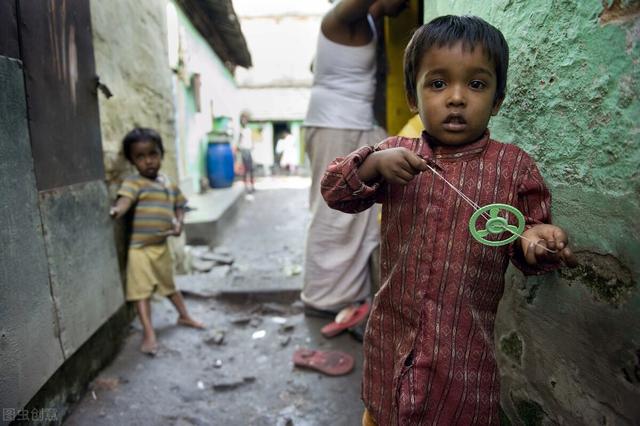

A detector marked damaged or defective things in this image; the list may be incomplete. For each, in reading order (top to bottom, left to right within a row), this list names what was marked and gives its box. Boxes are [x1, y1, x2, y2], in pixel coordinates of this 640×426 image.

peeling paint wall [422, 1, 636, 424]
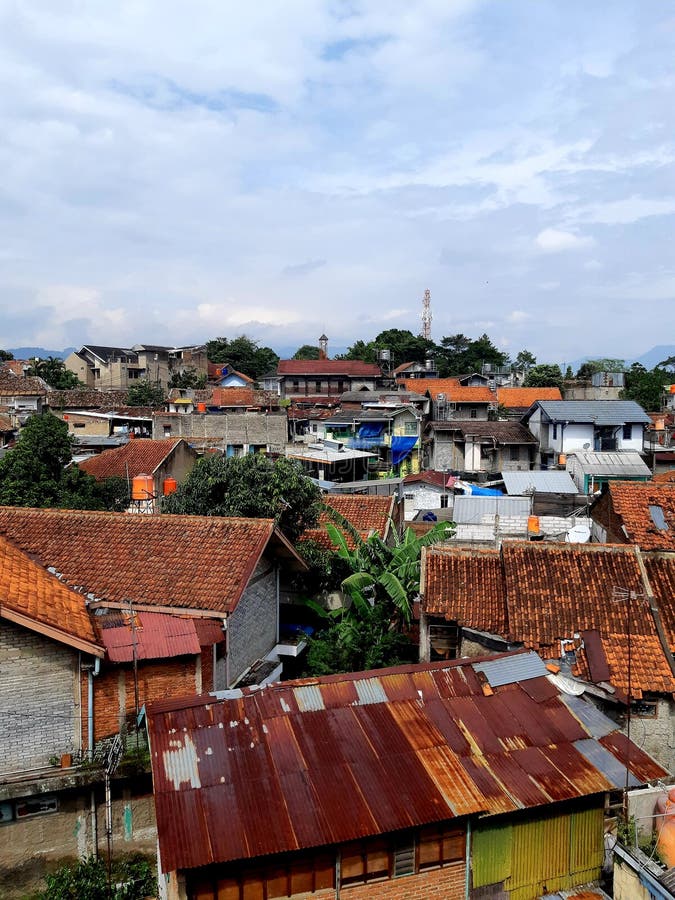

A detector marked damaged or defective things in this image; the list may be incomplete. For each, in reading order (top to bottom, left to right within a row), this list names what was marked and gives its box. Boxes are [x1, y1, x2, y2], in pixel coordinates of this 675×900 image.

rusty corrugated metal roof [147, 652, 664, 876]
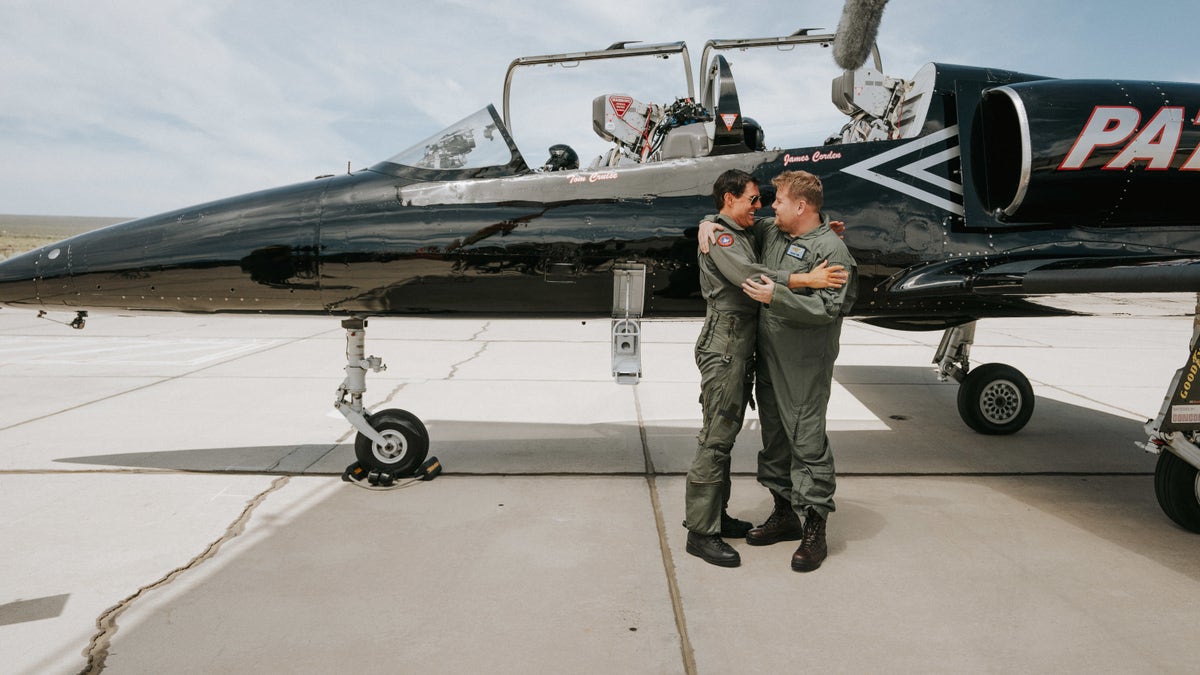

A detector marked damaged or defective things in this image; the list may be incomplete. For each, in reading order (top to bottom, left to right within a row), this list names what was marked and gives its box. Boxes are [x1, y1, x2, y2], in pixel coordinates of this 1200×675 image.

crack in concrete [79, 473, 290, 672]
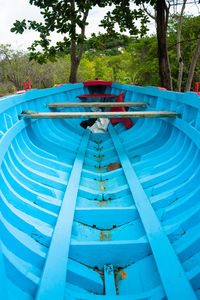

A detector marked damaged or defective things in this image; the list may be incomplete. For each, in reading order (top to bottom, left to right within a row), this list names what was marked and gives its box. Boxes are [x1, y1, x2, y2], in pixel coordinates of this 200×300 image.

chipped blue paint [0, 81, 200, 298]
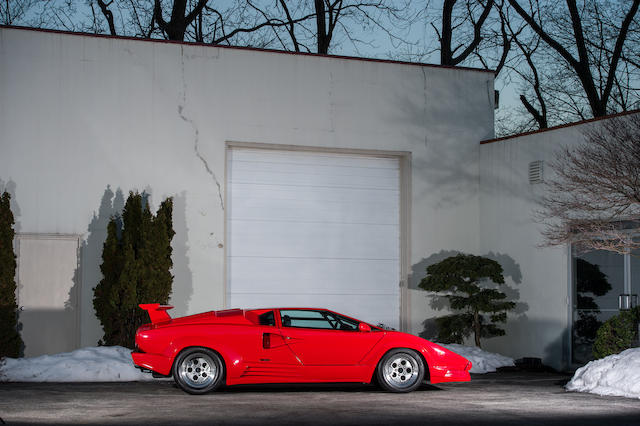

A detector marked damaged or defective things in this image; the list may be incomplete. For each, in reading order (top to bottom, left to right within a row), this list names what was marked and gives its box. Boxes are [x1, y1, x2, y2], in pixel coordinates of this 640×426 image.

crack in wall [178, 45, 225, 211]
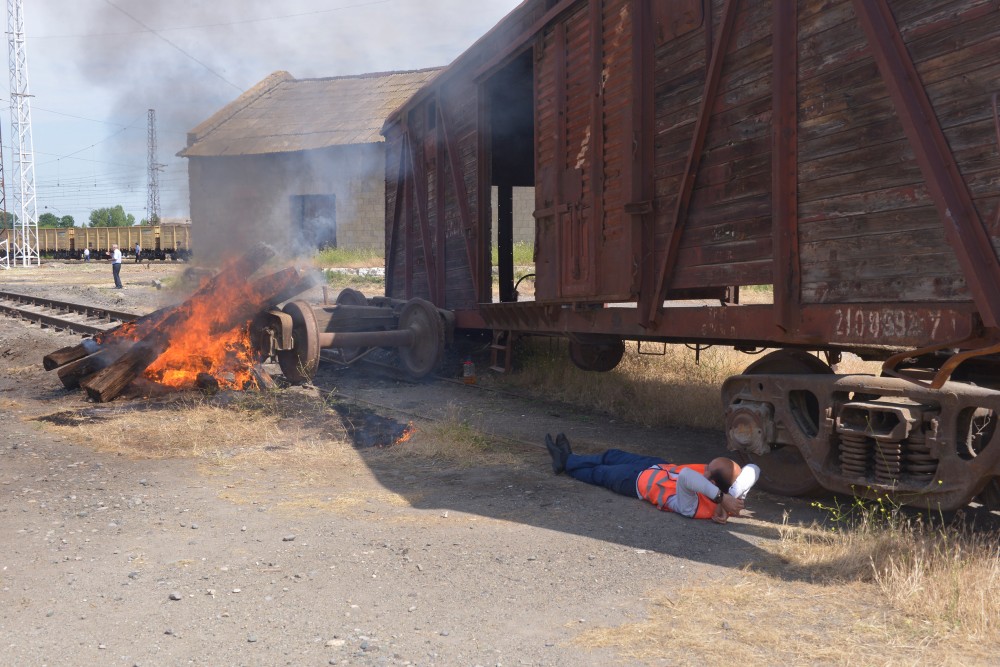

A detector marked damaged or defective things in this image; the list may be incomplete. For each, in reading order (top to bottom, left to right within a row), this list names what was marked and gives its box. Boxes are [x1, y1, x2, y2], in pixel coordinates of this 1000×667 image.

rusty metal frame [644, 0, 740, 326]
rusty metal frame [768, 0, 800, 332]
rusty metal frame [852, 0, 1000, 328]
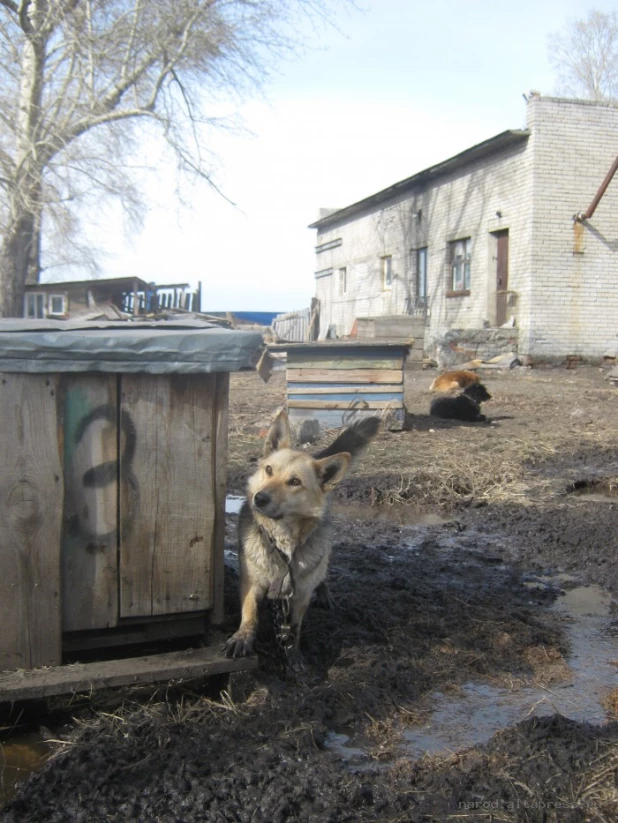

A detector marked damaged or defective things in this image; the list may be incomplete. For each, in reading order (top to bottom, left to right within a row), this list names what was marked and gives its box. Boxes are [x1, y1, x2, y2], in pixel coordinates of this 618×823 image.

rusty pole [576, 154, 616, 220]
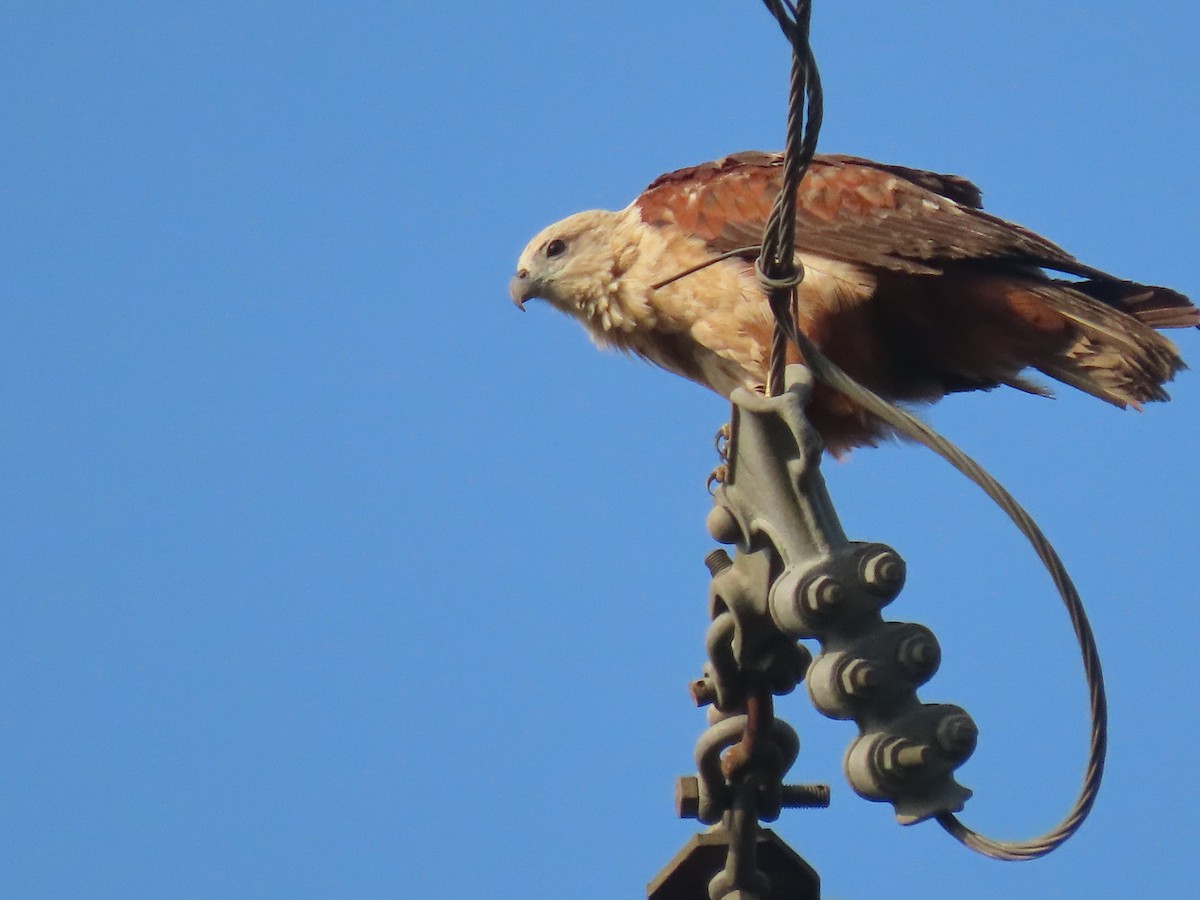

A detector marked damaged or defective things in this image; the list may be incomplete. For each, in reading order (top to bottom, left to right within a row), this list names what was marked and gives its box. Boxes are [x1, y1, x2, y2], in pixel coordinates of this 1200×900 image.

rusty bolt [676, 777, 700, 825]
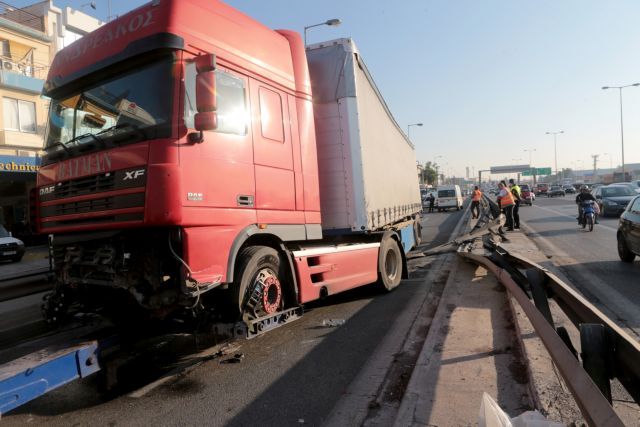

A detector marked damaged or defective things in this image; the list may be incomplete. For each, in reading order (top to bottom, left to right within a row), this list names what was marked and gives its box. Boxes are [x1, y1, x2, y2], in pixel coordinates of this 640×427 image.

damaged guardrail [420, 196, 636, 426]
bent metal barrier [452, 196, 636, 427]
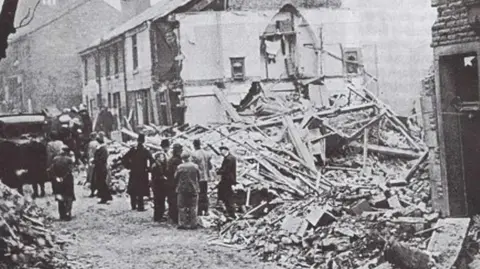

## Brief
Starting at the line that contains "this 1000×667 image.", transcribe every line through the end of the listing exactly, including both end lines and excluding pictures.

## Answer below
A detector marked damaged or defective things in this image; the list may be incomplete. For each, in reading order (top to bottom, left to right within a row), this list names what was marked and gives its box. Boxes are [x1, y1, x2, y2], in pixel coordinates of this 1000×667 image.

rusty metal frame [644, 0, 740, 326]
rusty metal frame [768, 0, 800, 332]
rusty metal frame [852, 0, 1000, 328]

A detector marked damaged or defective things in this image; the list may be incomplete. For each, in reading order (top to bottom, left to right within a row), this list names what was marked and gives its box. Boxes are [x1, y1, x2, y2], in pixel coordinates of this 618×823 image.

rusty pole [576, 154, 616, 220]

A detector marked damaged or defective things in this image; the list may be incomplete. For each, in reading order (top to bottom, left to right within a row), this list names what was marked and gives its box. Boxes are [x1, y1, x2, y2], in pixel coordinates of this 1200×900 image.

rusty bolt [676, 777, 700, 825]

A detector marked damaged or defective things in this image; the list may be incomplete. For each, in reading order (top to bottom, left to right within a row), this list names what was marked and gives its box. Boxes are [x1, y1, x2, y2], in pixel coordinates of this 640×427 image.

damaged guardrail [420, 196, 636, 426]
bent metal barrier [452, 196, 636, 427]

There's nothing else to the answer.